### The task:
The line containing "との相性抜群 冷凍 漬魚 小分け_" marks the start; return it and every line after it in the listing below, exactly, through the last.

### Data:
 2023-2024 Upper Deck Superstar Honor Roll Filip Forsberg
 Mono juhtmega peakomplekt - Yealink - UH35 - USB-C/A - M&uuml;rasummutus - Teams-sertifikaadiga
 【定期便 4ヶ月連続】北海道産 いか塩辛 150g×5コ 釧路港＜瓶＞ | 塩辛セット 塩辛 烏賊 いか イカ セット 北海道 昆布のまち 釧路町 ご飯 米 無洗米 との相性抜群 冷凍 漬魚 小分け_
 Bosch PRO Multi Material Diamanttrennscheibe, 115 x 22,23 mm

### Response area:
 【定期便 4ヶ月連続】北海道産 いか塩辛 150g×5コ 釧路港＜瓶＞ | 塩辛セット 塩辛 烏賊 いか イカ セット 北海道 昆布のまち 釧路町 ご飯 米 無洗米 との相性抜群 冷凍 漬魚 小分け_
 Bosch PRO Multi Material Diamanttrennscheibe, 115 x 22,23 mm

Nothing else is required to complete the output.